Одни были шокированы: как, коммунист расписывает стены божьего храма?! Другие были увлечены сенсацией: интересно, как он напишет святых — с ушами или без ушей? Третьи с радостью восприняли эту весть: они знали, что Кашвети — это памятник искусства, и Гудиашвили сделал правильно, что согласился. Он художник, и он не имел права отказаться. Смешно ведь говорить, что «Мадонна» Рафаэля — икона: это гениальное произведение искусства.
Ничто не разубедило Ладо: ни пересуды, ни опасения друзей, ни злобная радость недругов.
Художник твердо решил «осуществить свой замысел.
Начались работы. Кашветская церковь внутри была в лесах. Моложавый седой художник с утра и до вечера стоял под куполом над алтарем и писал. Вначале никого не пускали. Только через месяц была «прорвана цепь». Началось паломничество.
Богобоязненные старухи, завсегдатаи этого храма, стояли у ворот церкви и перешептывались с выражением страха на лице. Они боялись высказать громко свое возмущение: боялись разгневить бога — может быть, по указанию всевышнего рисует художник изображения бога и его святого семейства?
Слухи и мнения были разноречивы.
Трудно ждать, пока позовет сам художник, — творцу всегда кажется, что чего-то не хватает его творению, настоящий художник никогда не бывает доволен собой.
И мы решили нагрянуть неожиданно. В мрачном храме с серыми стенами горела одна-единственная свеча. И в этом сером тумане словно яркое солнце ударило нам в глаза с высокого купола алтаря…

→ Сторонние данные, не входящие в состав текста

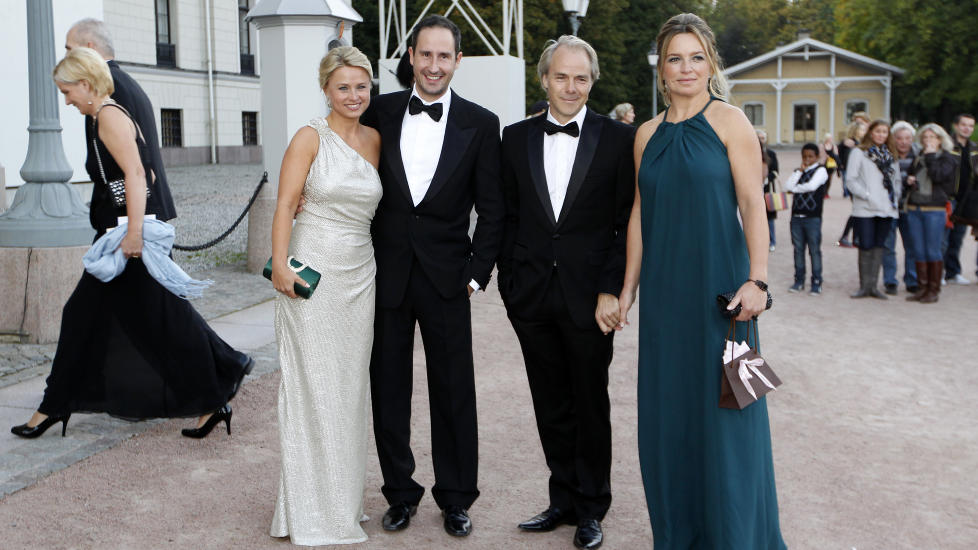 PYNTET:  F.v. S�lvi Haugland, Harald R�nneberg, Harald Zwart og  Veslem�y Zwart poserte p� vei inn 40-�rs feiringen av prinsesse M�rtha Louise. Foto: Erlend Aas / Scanpix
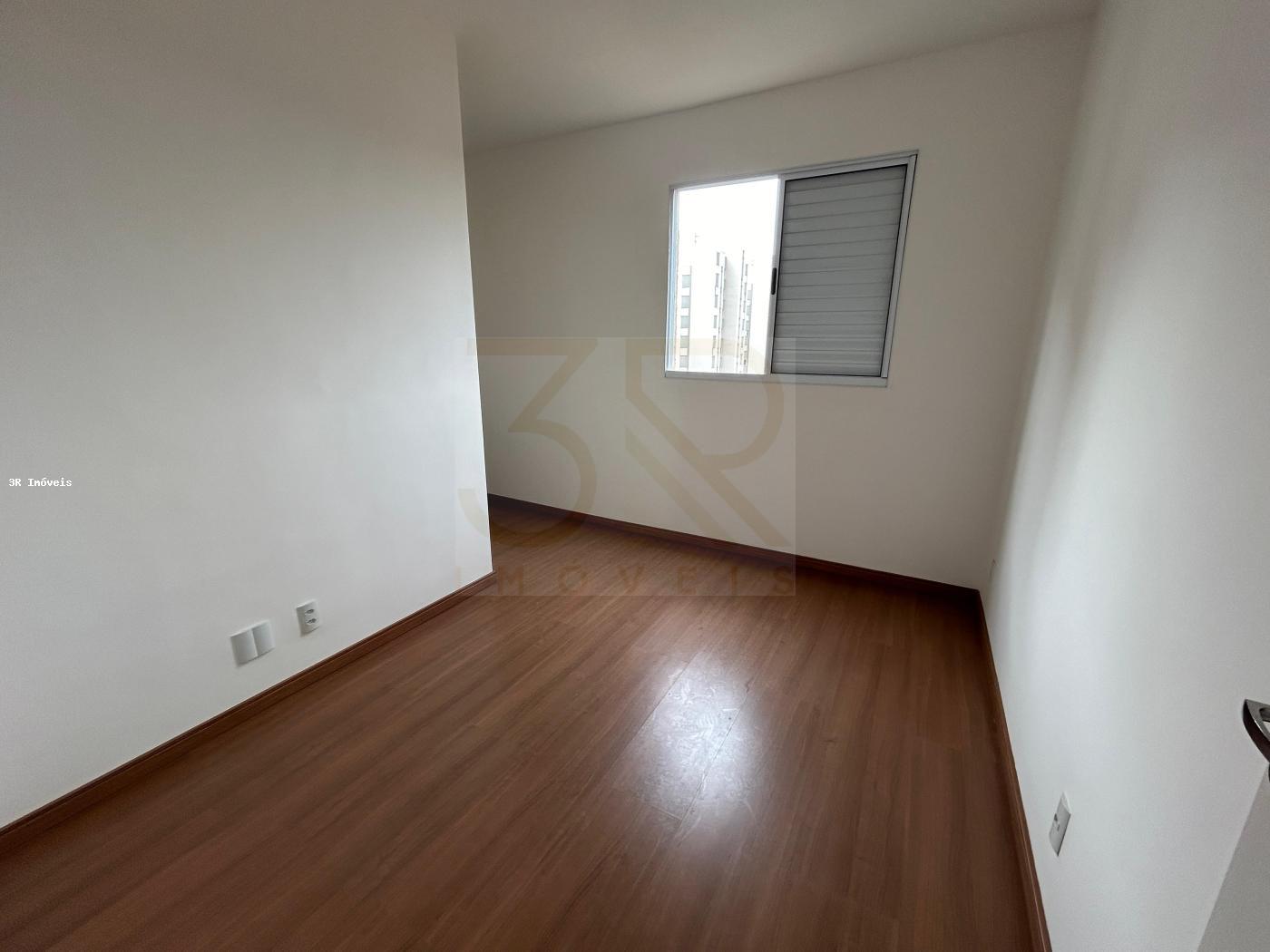 Apartamento à venda com 2 quartos, 56m² - Foto 3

Мы были ошеломлены… Это ведь тот же мир земных страстей, буйной жизни, человеческих пороков и достоинств, радости и бурного веселья!

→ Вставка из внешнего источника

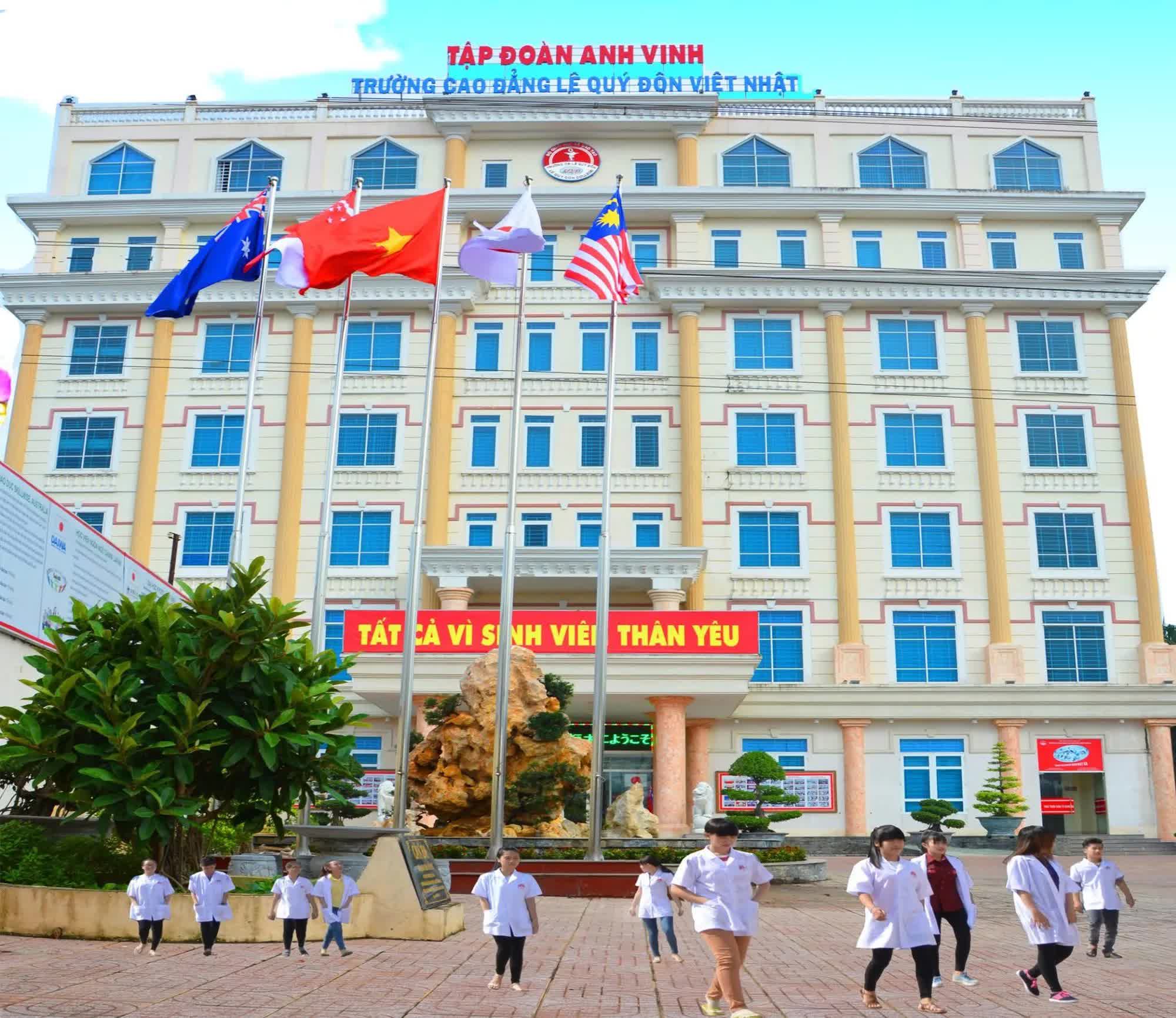 Dối trá trong đào tạo cao đẳng y - dược (9): Bộ LĐ-TB&XH lập đoàn thanh tra, Bộ Công an vào cuộc - Ảnh 3. Dối trá trong đào tạo cao đẳng y - dược (9): Bộ LĐ-TB&XH lập đoàn thanh tra, Bộ Công an vào cuộc - Ảnh 3.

И как это замечательно! Какой праздник красок, какое изобилие света, сколько солнца, какое торжество радостных тонов!
А над алтарем бесподобная голова Христа… И возглас удивления невольно вырывается у каждого из нас: в облике Христа он изобразил своего ученика, способного скульптора — Бидзина Авалишвили.
В Тбилиси Авалишвили знали многие. Часто на проспекте Руставели можно было встретить этого красивого юношу с мужественным лицом. Он мог бы позировать художнику в костюме царевича, витязя из свиты царицы Тамар или воина Георгия Саакадзе. Но писать с него Христа?!.
Прошло уже пятнадцать лет, и благочестивые старухи зажигают свечи перед этим Христом, ничуть не выделяя его среди других изображений божьего сына.
Самой колоритной и интересной была богоматерь с младенцем, исполненная в розовато-голубых тонах. Типичная грузинская крестьянка, красивая, дородная, с округлыми формами, она держала на руках веселого бутуза…
А внизу, по бокам, апостолы — в стиле грузинской фресковой живописи, похожие на древних воинов.